Available data |

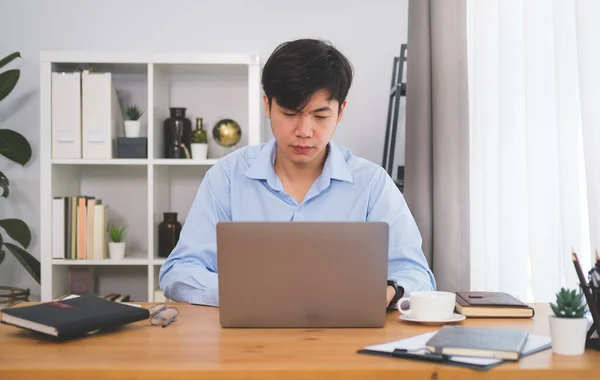 亚洲男子自由职业者在家用电脑平板电脑上网工作 — 图库照片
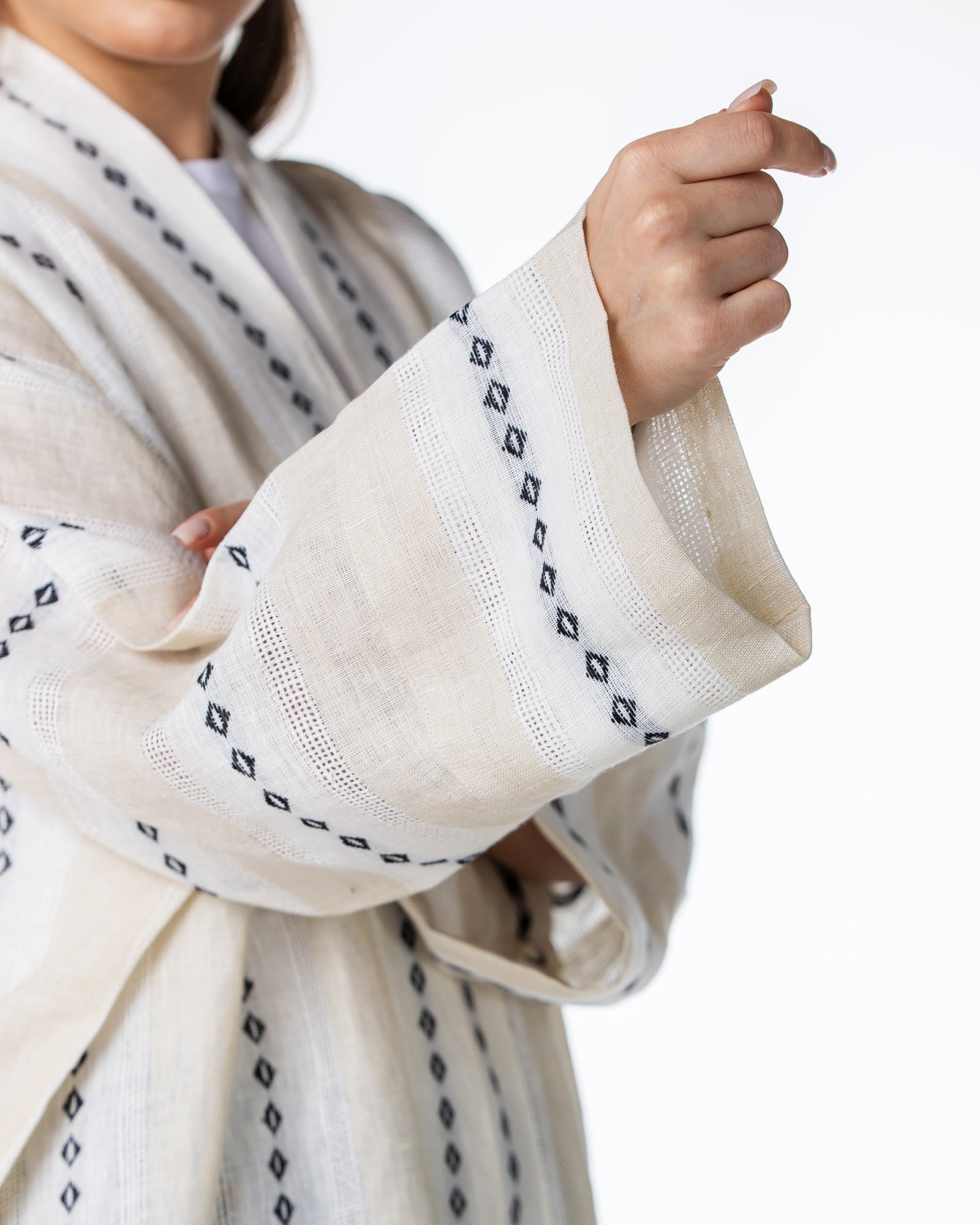 Aria Fringe – Woven Linen Kaftan Abaya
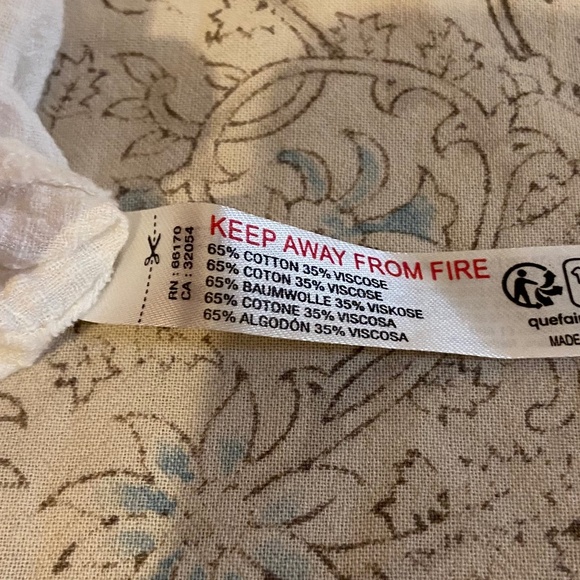 NWT Urban Outfitters Cross Hacked Flounce Shorts - Picture 4 of 4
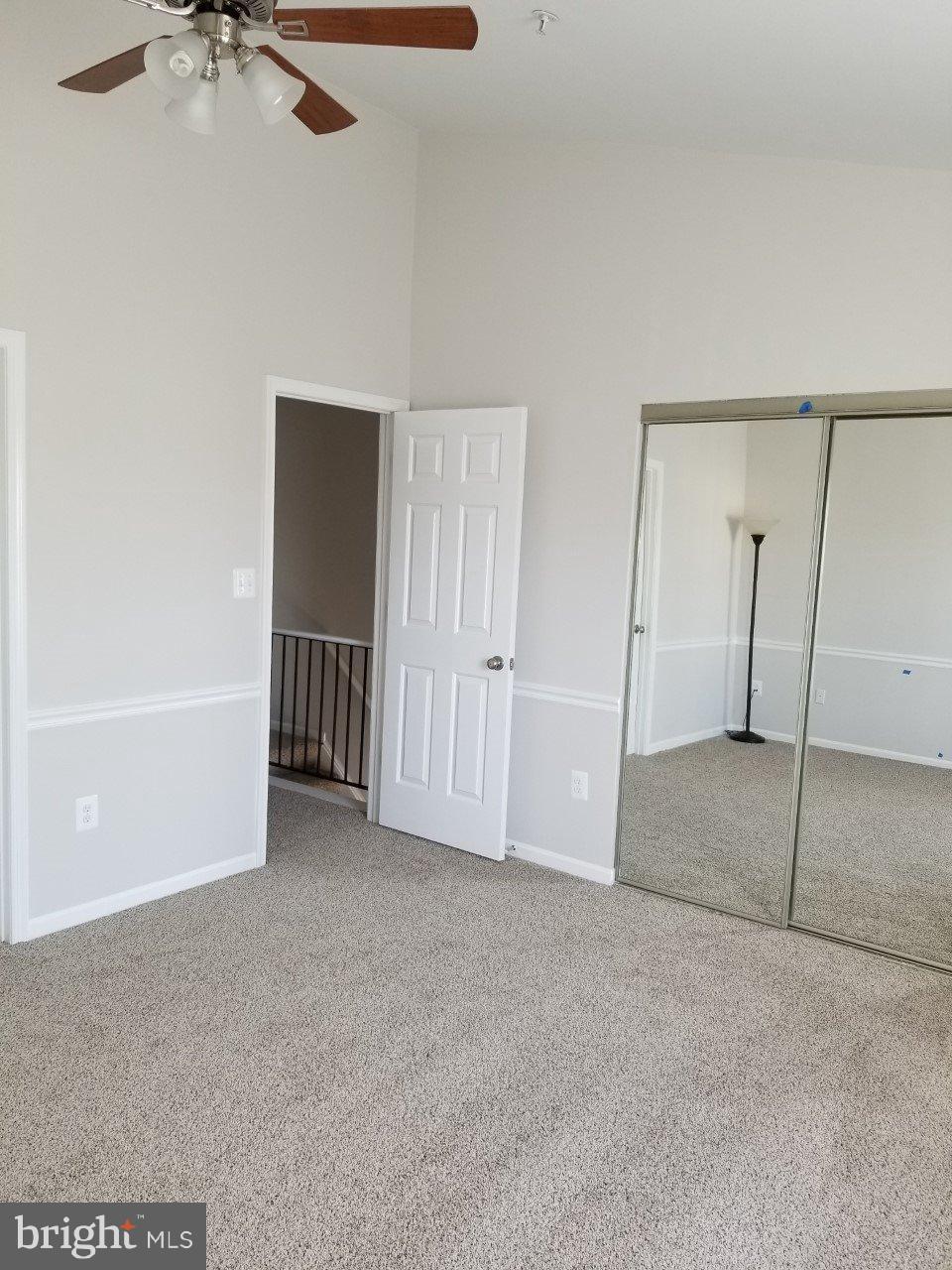 CEDAR GROVE AT CROFTON - Residential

Instructions for the task | One exact copy of the data is required, and it should hold no pictures.

Solution |
 亚洲男子自由职业者在家用电脑平板电脑上网工作 — 图库照片
 Aria Fringe – Woven Linen Kaftan Abaya
 NWT Urban Outfitters Cross Hacked Flounce Shorts - Picture 4 of 4
 CEDAR GROVE AT CROFTON - Residential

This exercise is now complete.